_WHAT TO DO_: Produce a verbatim copy of the records, and keep the images out of it.

####################

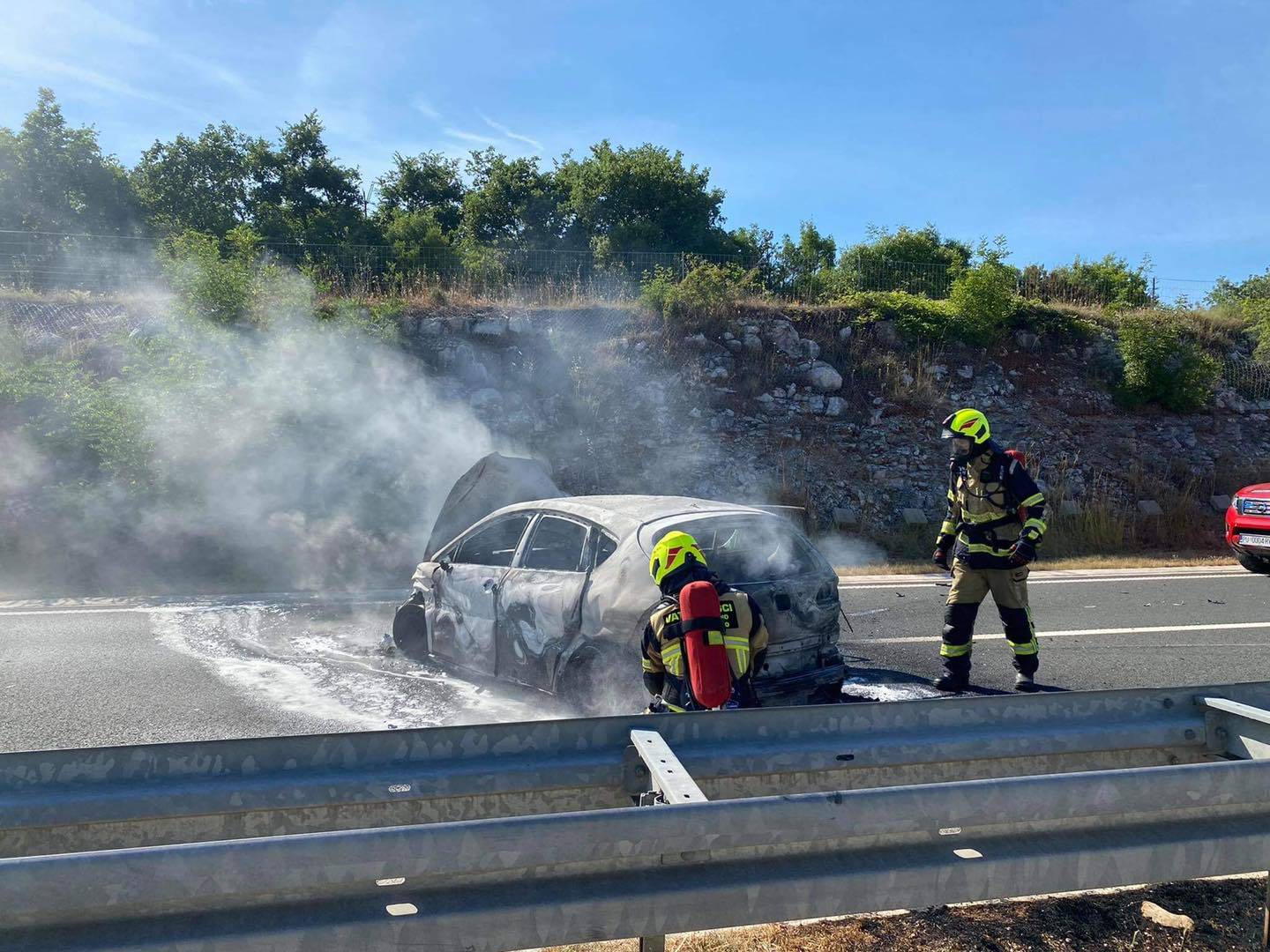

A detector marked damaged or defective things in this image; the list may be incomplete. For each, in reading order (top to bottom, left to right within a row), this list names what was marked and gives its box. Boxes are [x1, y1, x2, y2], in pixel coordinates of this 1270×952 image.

burned car [391, 459, 848, 710]
burnt car roof [492, 495, 772, 540]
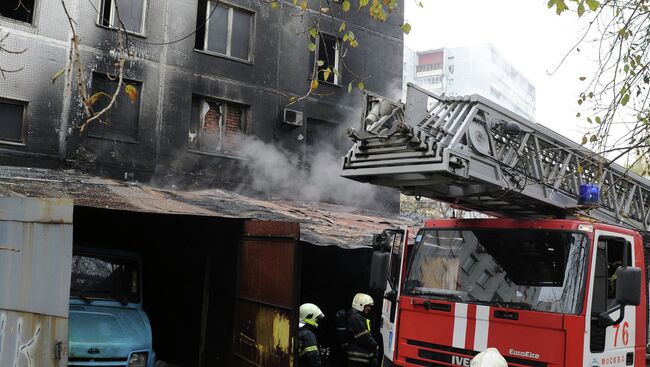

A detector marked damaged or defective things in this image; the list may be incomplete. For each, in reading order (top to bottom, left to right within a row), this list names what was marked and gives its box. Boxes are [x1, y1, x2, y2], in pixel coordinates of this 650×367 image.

broken window [0, 0, 34, 23]
broken window [98, 0, 146, 34]
broken window [194, 1, 252, 61]
broken window [312, 33, 340, 84]
broken window [0, 100, 25, 144]
broken window [86, 72, 141, 142]
charred wall [0, 0, 400, 211]
burned building [0, 0, 402, 210]
broken window [190, 96, 248, 154]
rusty metal panel [0, 198, 72, 367]
rusty metal panel [232, 221, 300, 367]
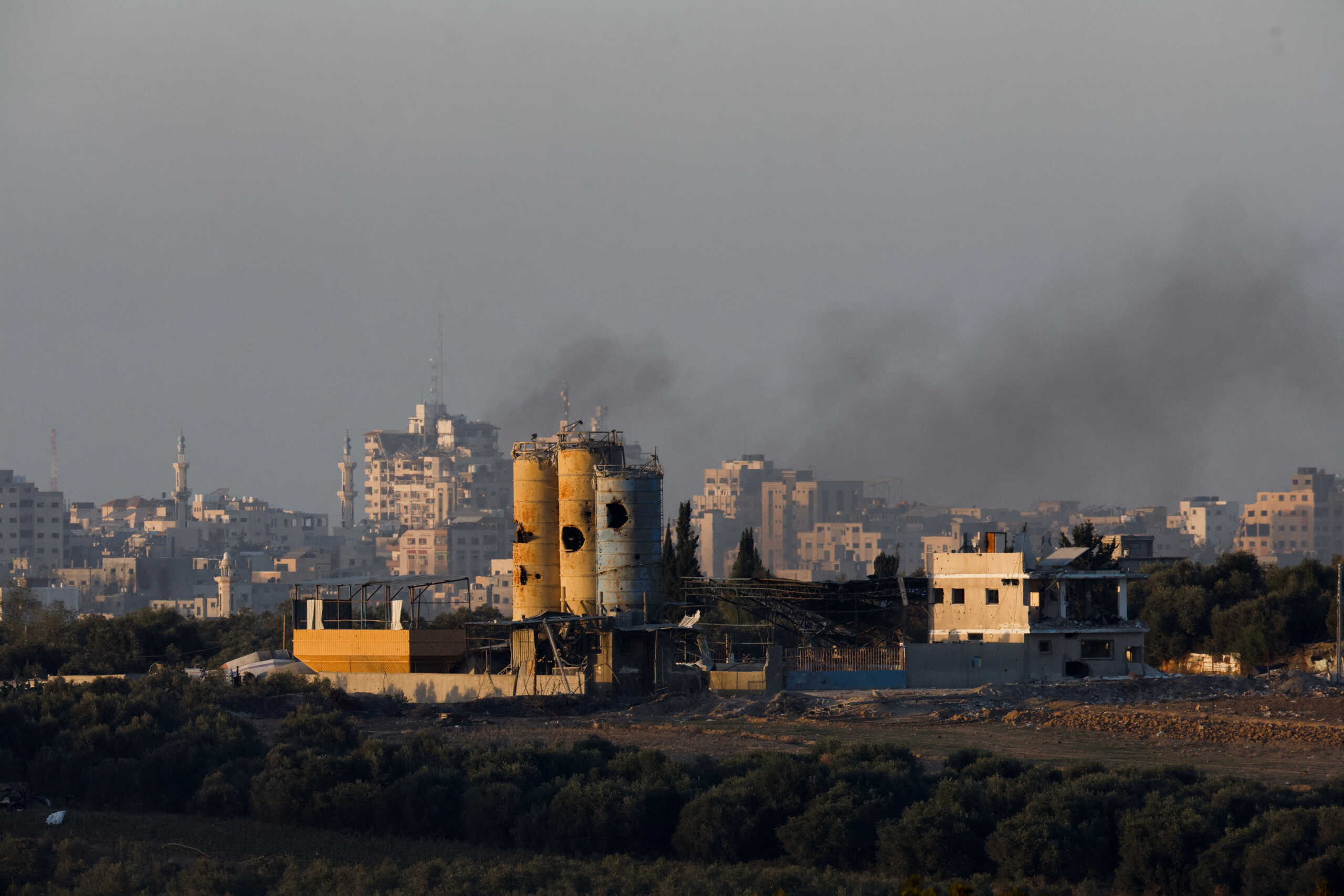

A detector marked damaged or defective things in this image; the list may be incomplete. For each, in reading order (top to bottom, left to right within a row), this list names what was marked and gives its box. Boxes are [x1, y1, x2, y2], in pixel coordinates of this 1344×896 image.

burnt metal structure [676, 575, 928, 647]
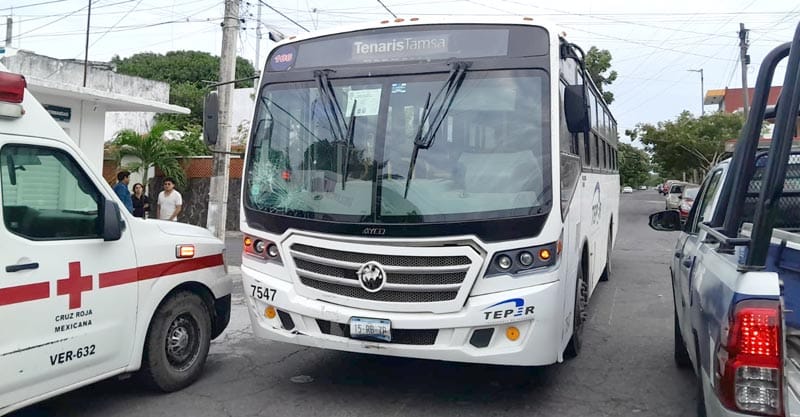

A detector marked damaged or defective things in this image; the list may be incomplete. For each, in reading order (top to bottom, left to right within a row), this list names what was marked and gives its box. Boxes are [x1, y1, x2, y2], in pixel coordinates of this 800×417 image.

cracked windshield [247, 71, 552, 223]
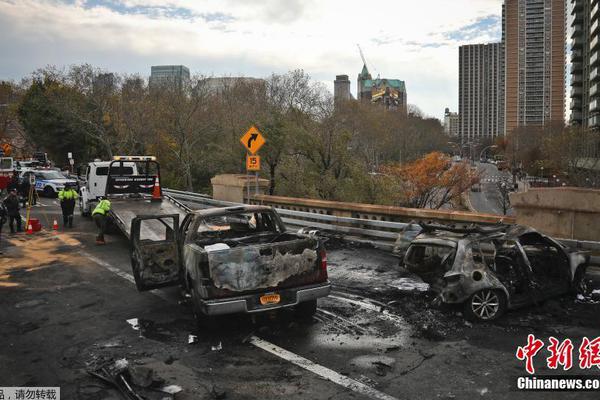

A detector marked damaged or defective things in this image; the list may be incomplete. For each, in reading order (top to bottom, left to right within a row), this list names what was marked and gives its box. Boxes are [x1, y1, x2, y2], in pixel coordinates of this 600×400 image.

damaged vehicle frame [128, 208, 330, 320]
burned pickup truck [129, 206, 330, 322]
burned car [129, 205, 330, 324]
burned car [396, 223, 588, 320]
burned pickup truck [396, 225, 588, 322]
damaged vehicle frame [398, 222, 592, 322]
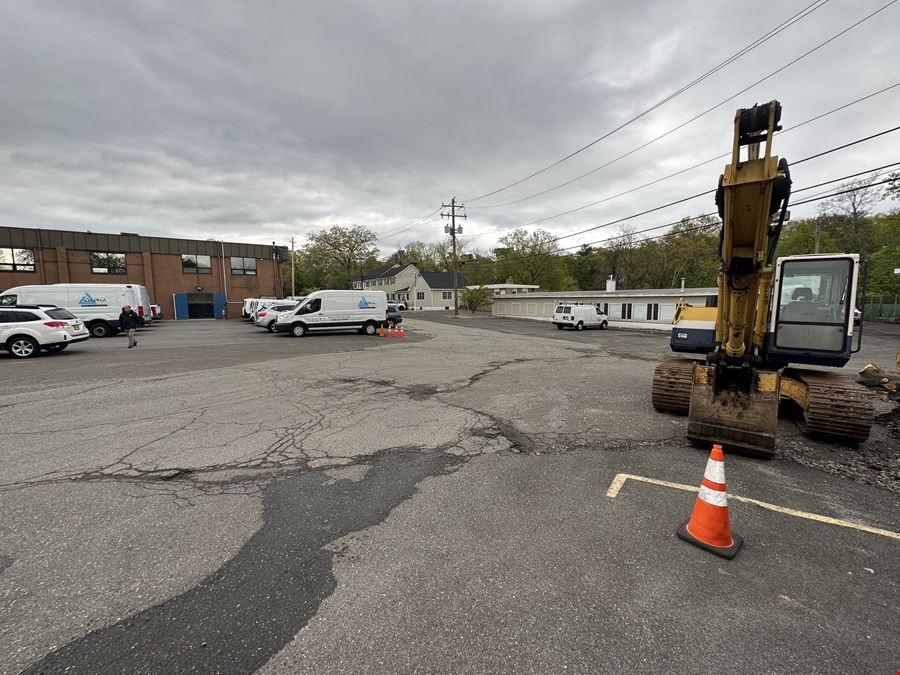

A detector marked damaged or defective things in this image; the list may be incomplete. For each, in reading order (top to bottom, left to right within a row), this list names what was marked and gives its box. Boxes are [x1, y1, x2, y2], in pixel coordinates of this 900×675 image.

cracked asphalt [1, 318, 900, 675]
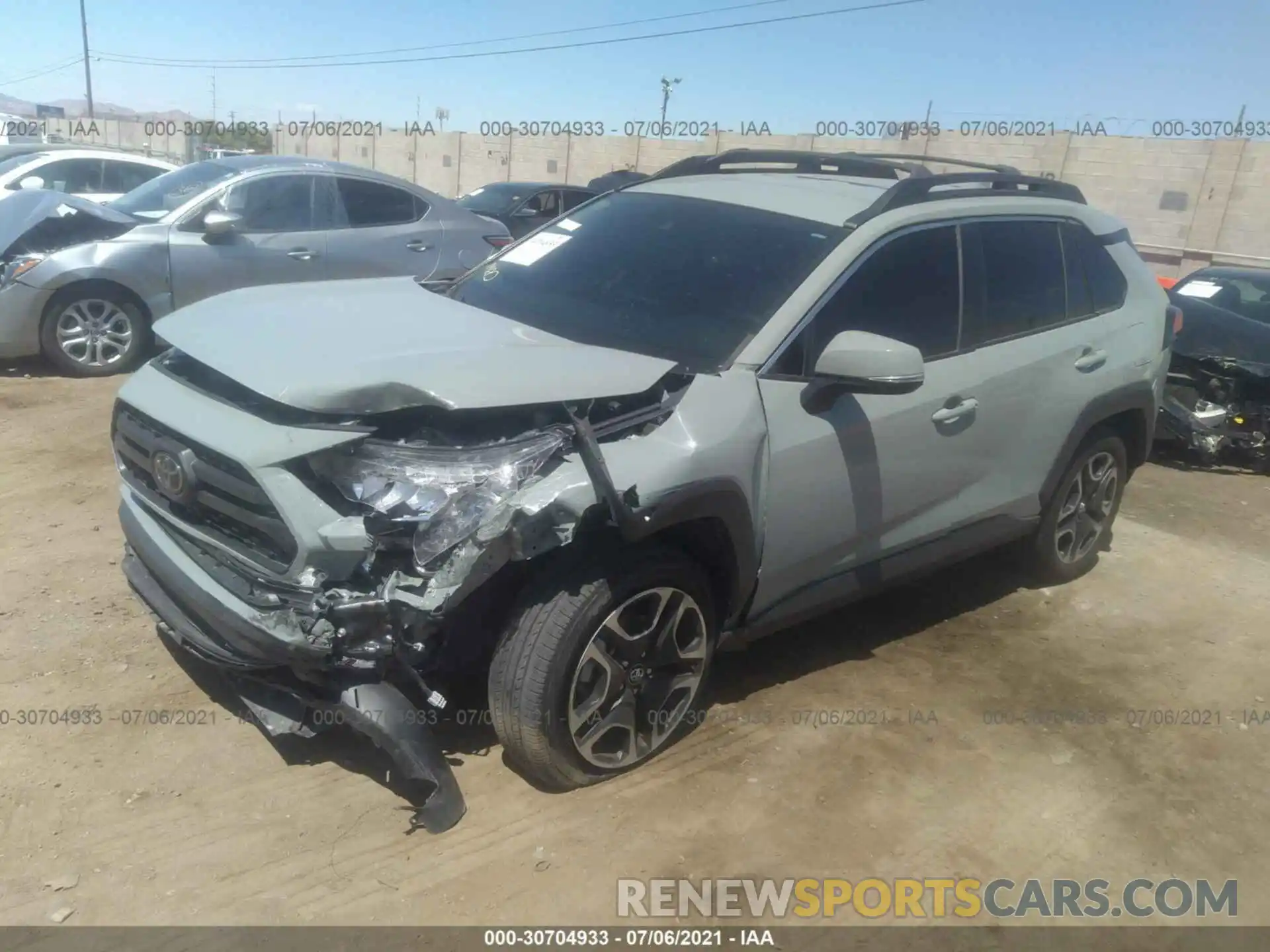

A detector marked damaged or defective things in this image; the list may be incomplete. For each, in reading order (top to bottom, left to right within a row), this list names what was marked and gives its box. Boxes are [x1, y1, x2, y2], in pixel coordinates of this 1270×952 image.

####################

_RESULT OF THIS EXERCISE_:
A detector marked damaged or defective things in this image; the list may be incomplete. For each, in reading order (top to bottom, left to right within a row), this list names what was marked and gives its box. Boxes are [x1, y1, x2, y2], in pixel coordinates of this 1270×952 image.

burned car [391, 459, 848, 710]
burnt car roof [492, 495, 772, 540]

A detector marked damaged or defective things in this image; the list may be incomplete. For each, in reading order (top to bottom, left to right within a row), this list names what was marked and gives its box. Boxes are [x1, y1, x2, y2], in pixel coordinates of this 650×367 image.

broken window [0, 0, 34, 23]
broken window [98, 0, 146, 34]
broken window [194, 1, 252, 61]
broken window [312, 33, 340, 84]
broken window [0, 100, 25, 144]
broken window [86, 72, 141, 142]
charred wall [0, 0, 400, 211]
burned building [0, 0, 402, 210]
broken window [190, 96, 248, 154]
rusty metal panel [0, 198, 72, 367]
rusty metal panel [232, 221, 300, 367]

A detector marked damaged or defective things in this image; the list may be incomplete. For each, in reading order (top to bottom, left to right within a row), this list names what was marked and gives its box. Boxes are [x1, y1, x2, y2], in pixel coordinates of this 1344×896 image.

burnt metal structure [676, 575, 928, 647]

A detector marked damaged or defective things in this image; the list may be incomplete. For each, in reading order (top to bottom, left to right within a row), this list names what was marked and gives its box. Boxes are [x1, y1, x2, y2], in pixel coordinates of this 800×417 image.

cracked windshield [247, 71, 552, 223]

A detector marked damaged or defective things in this image; the list may be incomplete. For each, in reading order (top to bottom, left to right within a row), this list names what was marked and gives its box. Boxes are [x1, y1, x2, y2], in pixel coordinates of this 600×400 image.

damaged vehicle frame [128, 208, 330, 320]
burned pickup truck [129, 206, 330, 322]
burned car [129, 205, 330, 324]
burned car [396, 223, 588, 320]
burned pickup truck [396, 225, 588, 322]
damaged vehicle frame [398, 222, 592, 322]

A detector marked damaged or defective things in this image; the list may be incomplete. For each, in reading order (top to bottom, left to right within a row), this list names what was marked and gives its box. Boxes are [x1, y1, x2, y2], in pixel coordinates of this 900×675 image.

cracked asphalt [1, 318, 900, 675]

A detector marked damaged or defective things in this image; the list may be incomplete. For each, in reading order (top to bottom, left to right within a row), this list names what was marked and gives its box. Boxes are [x1, y1, x2, y2], in pixel coordinates of this 1270×952 image.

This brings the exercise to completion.